### What is being asked
Omit the images, then print each record below exactly as it reads.

### The input
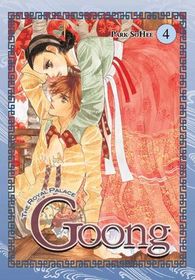 Goong Volume 4: The Royal Palace (Goong)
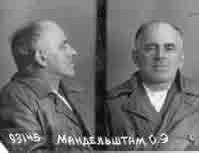 Слово и "Дело" Осипа Мандельштама. Книга доносов, допросов и обвинительных заключений Слово и "Дело" Осипа Мандельштама. Книга доносов, допросов и обвинительных заключений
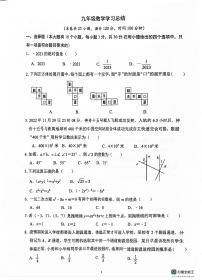 河南省郑州市金水区郑州市第十一初级中学2023-2024学年九年级上学期1月月考数学试题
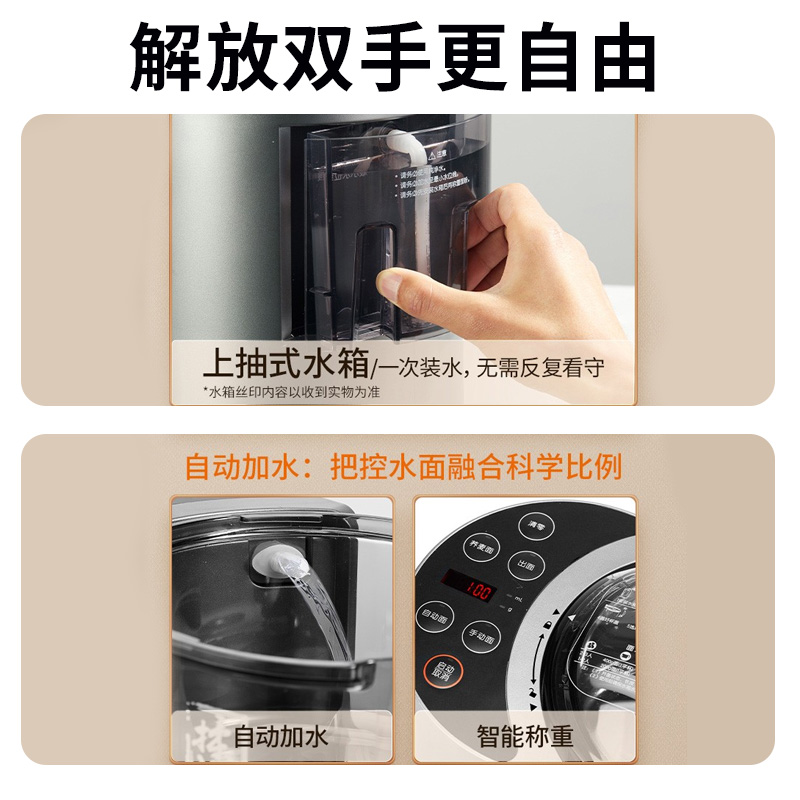 九阳(Joyoung)面条机全自动多功能家用压面机和面机 智能称重 快速出面 多模头易清洗M4-M550高清大图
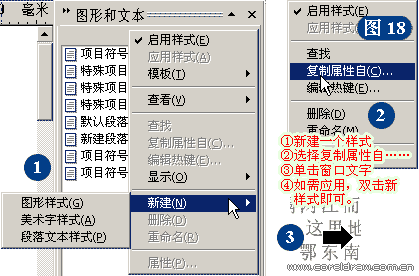 CorelDRAW详细解析报纸文字排版的方式方法17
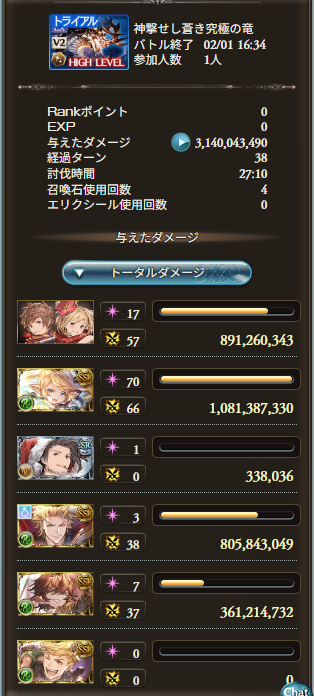 まりもc tweet media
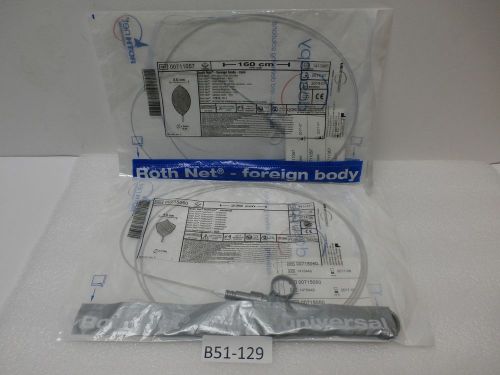 US endoscopy 00711057 Roth Net Foreign body,00715050 platinum Universal EXP_2017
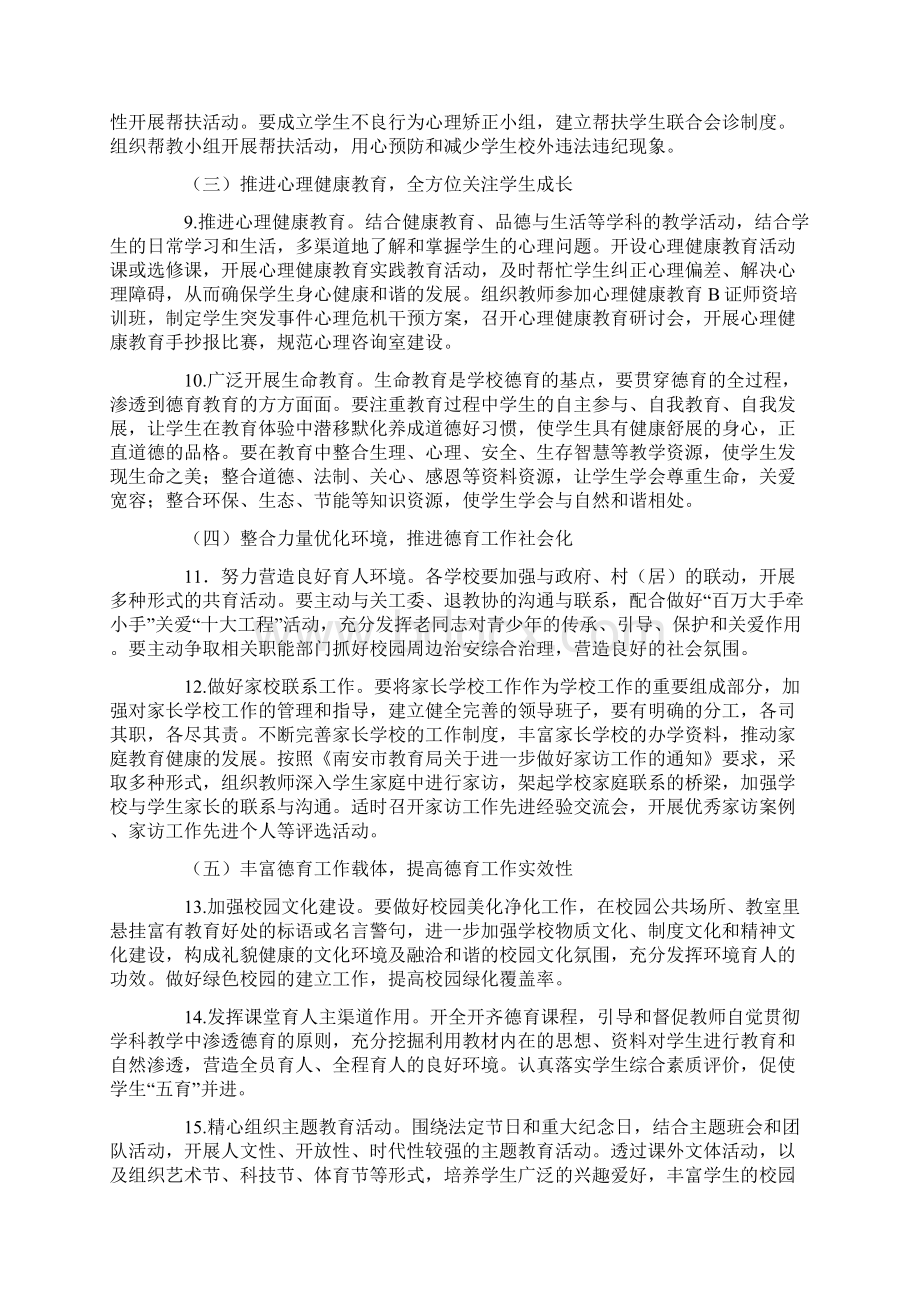 学校德育工作计划10篇.docx_第3页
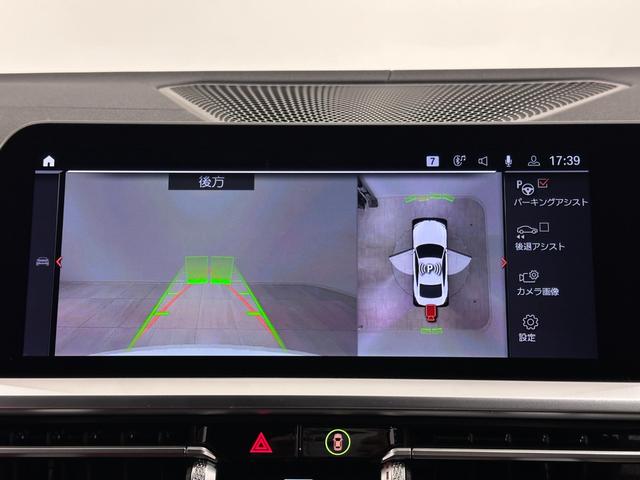４シリーズ Ｍ４４０ｉ　ｘＤｒｉｖｅクーペ　ワンオーナー赤革ＦシートヒーターオートトランクＭスポーツブレーキ／デフアダプティブＭサスサンルーフＨａｒｍａｎ／ＫａｒｄｏｎサウンドレーザーライトＤアシストプロパークアシスト＋ＨＵＤＴＶ純正９ＡＷ（34枚目）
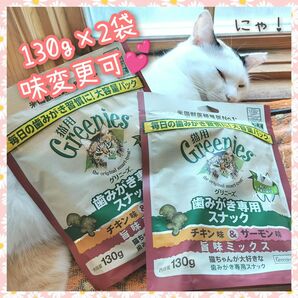 猫用歯磨きスナック グリニーズ130g × 2袋　味変更可 rr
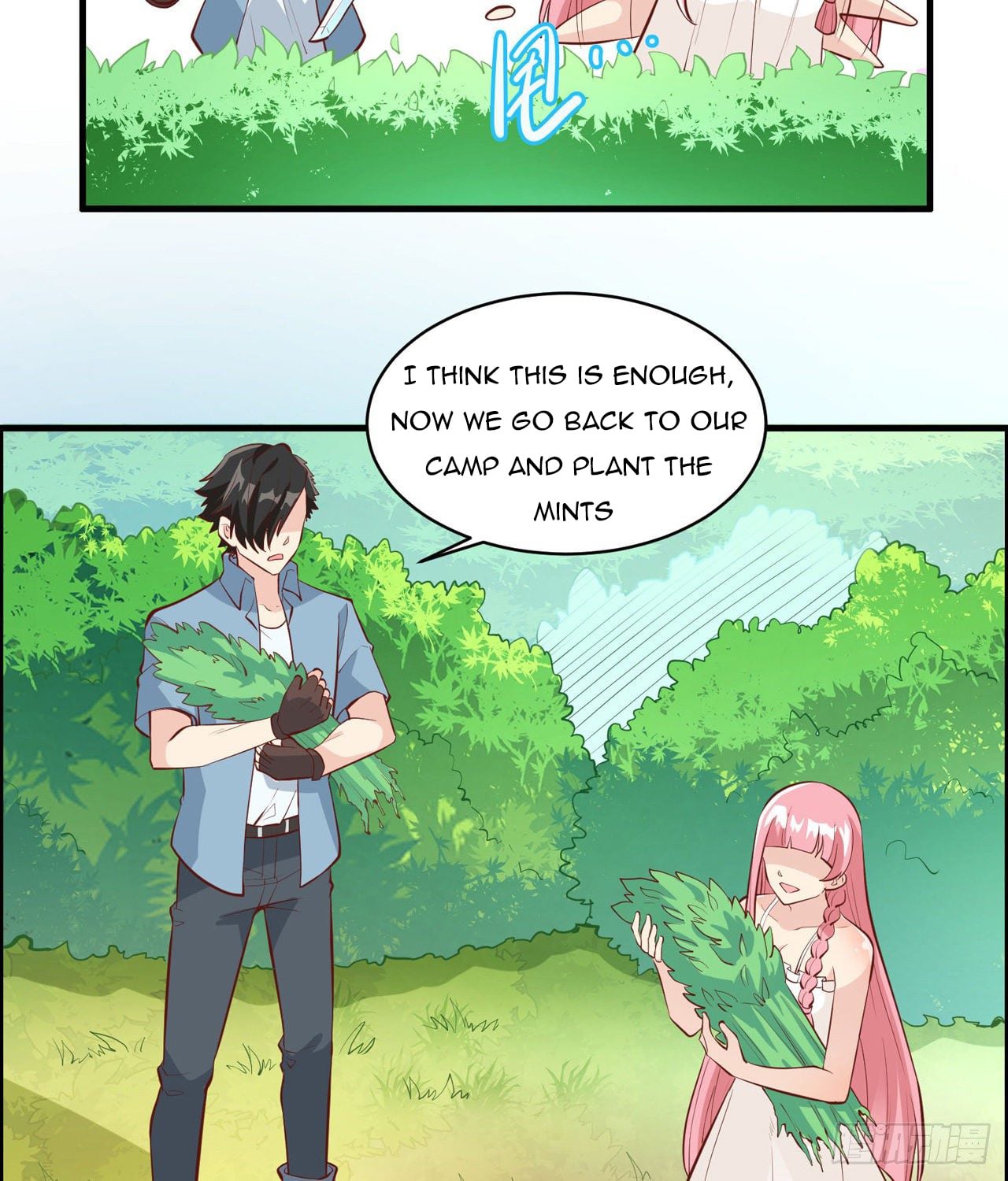 Survive on a deserted island with beautiful girls chapter 9 - page 11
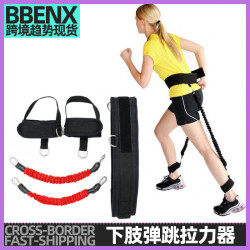 下肢彈跳深蹲拉力器跆拳道踢腿訓練器排球網球籃球阻力繩體育用品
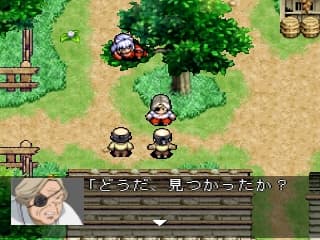 Inuyasha — screenshot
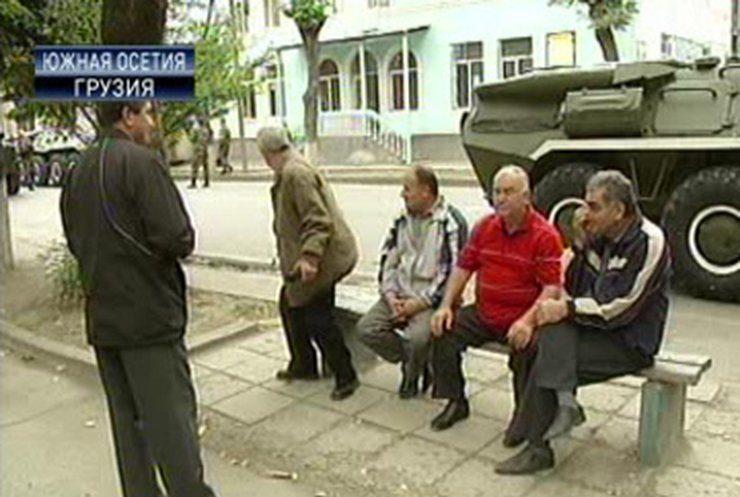 Сегодня в Цхинвали состоялся парад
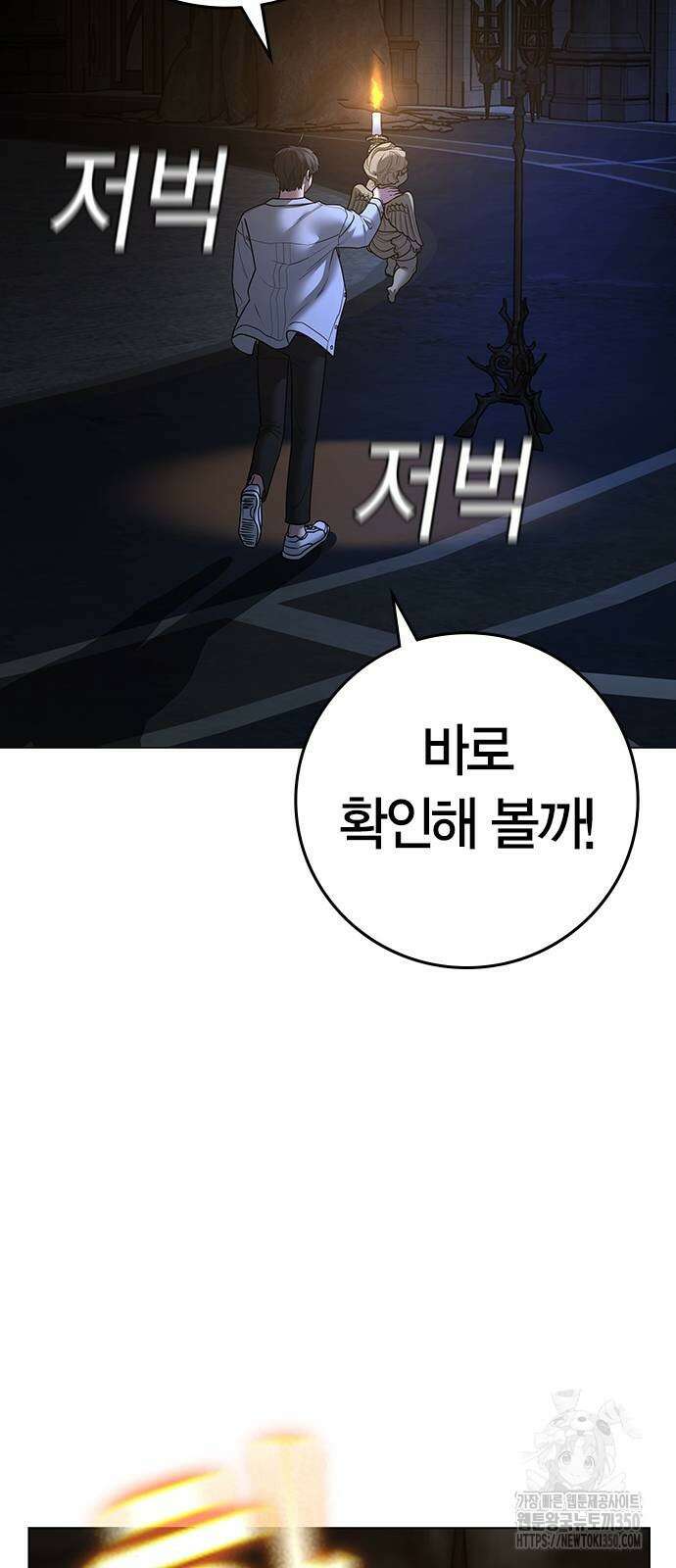 현실퀘스트 125화 13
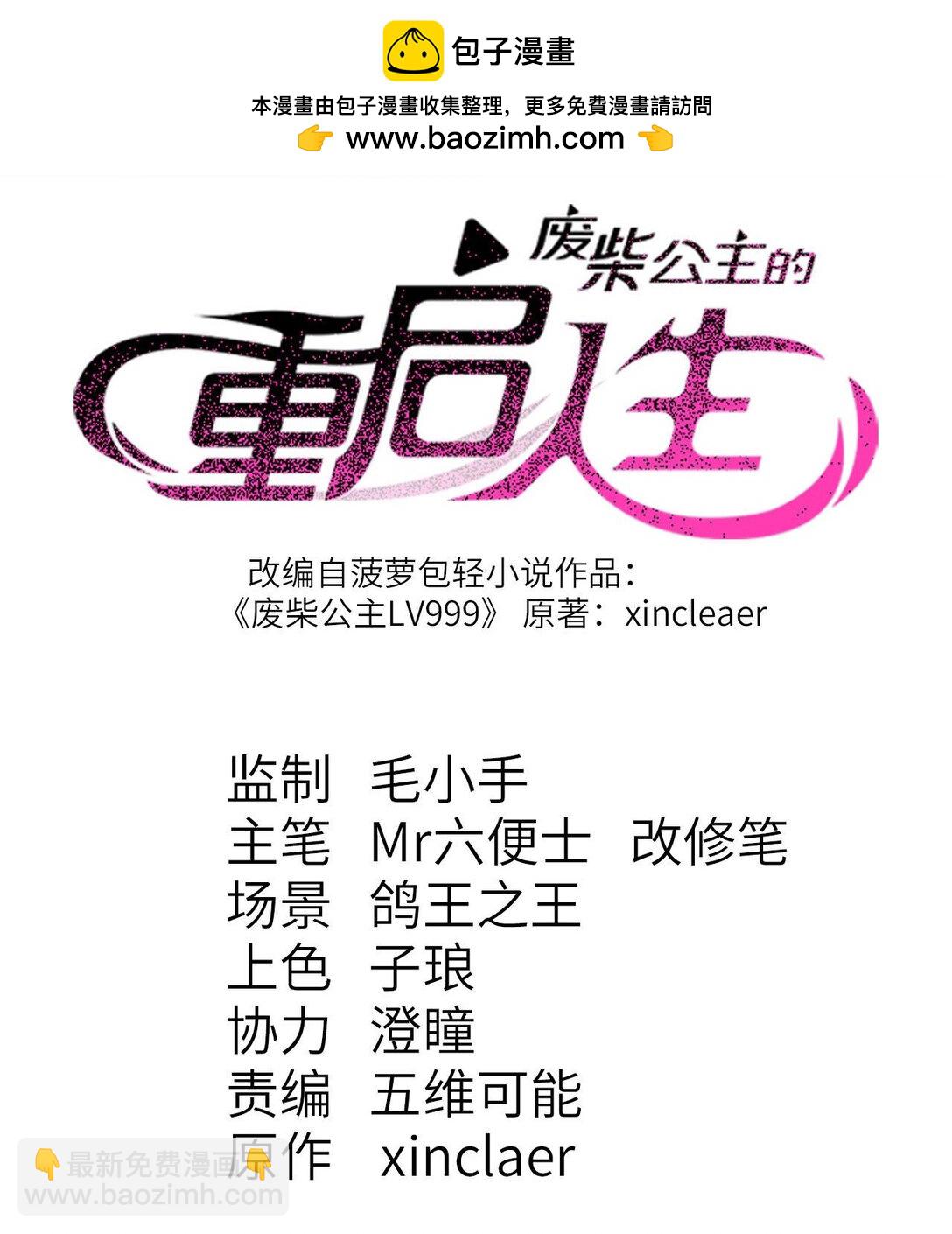 034 我完全理解了！(1/2)-第35话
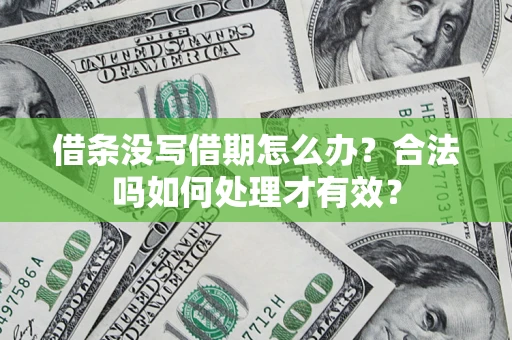 北京借条没写借期怎么办？合法吗如何处理才有效？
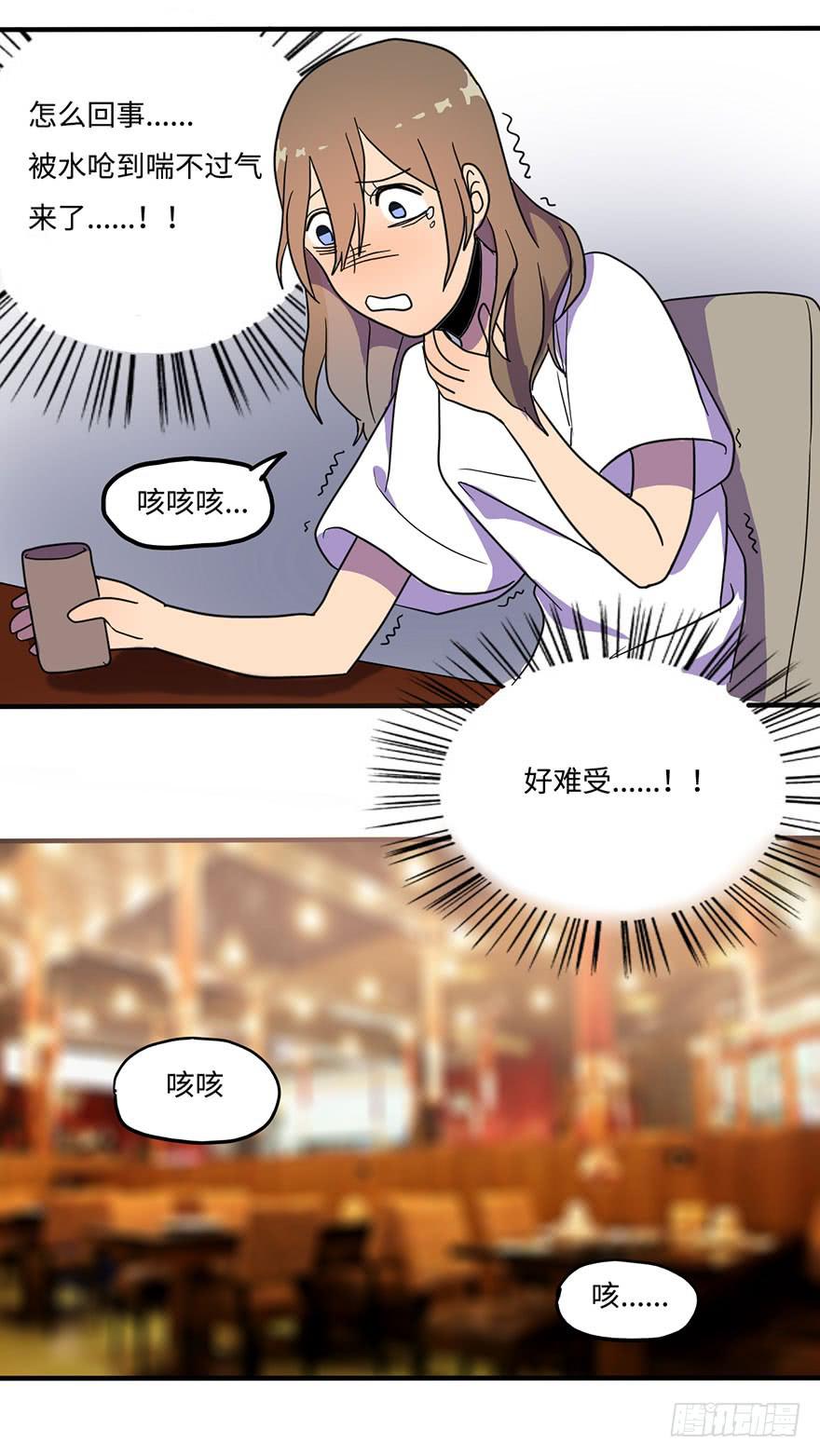 愣着干嘛赶紧笑-第9话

### Finished exercise
 Goong Volume 4: The Royal Palace (Goong)
 Слово и "Дело" Осипа Мандельштама. Книга доносов, допросов и обвинительных заключений Слово и "Дело" Осипа Мандельштама. Книга доносов, допросов и обвинительных заключений
 河南省郑州市金水区郑州市第十一初级中学2023-2024学年九年级上学期1月月考数学试题
 九阳(Joyoung)面条机全自动多功能家用压面机和面机 智能称重 快速出面 多模头易清洗M4-M550高清大图
 CorelDRAW详细解析报纸文字排版的方式方法17
 まりもc tweet media
 US endoscopy 00711057 Roth Net Foreign body,00715050 platinum Universal EXP_2017
 学校德育工作计划10篇.docx_第3页
４シリーズ Ｍ４４０ｉ　ｘＤｒｉｖｅクーペ　ワンオーナー赤革ＦシートヒーターオートトランクＭスポーツブレーキ／デフアダプティブＭサスサンルーフＨａｒｍａｎ／ＫａｒｄｏｎサウンドレーザーライトＤアシストプロパークアシスト＋ＨＵＤＴＶ純正９ＡＷ（34枚目）
 猫用歯磨きスナック グリニーズ130g × 2袋　味変更可 rr
 Survive on a deserted island with beautiful girls chapter 9 - page 11
 下肢彈跳深蹲拉力器跆拳道踢腿訓練器排球網球籃球阻力繩體育用品
 Inuyasha — screenshot
 Сегодня в Цхинвали состоялся парад
 현실퀘스트 125화 13
 034 我完全理解了！(1/2)-第35话
 北京借条没写借期怎么办？合法吗如何处理才有效？
 愣着干嘛赶紧笑-第9话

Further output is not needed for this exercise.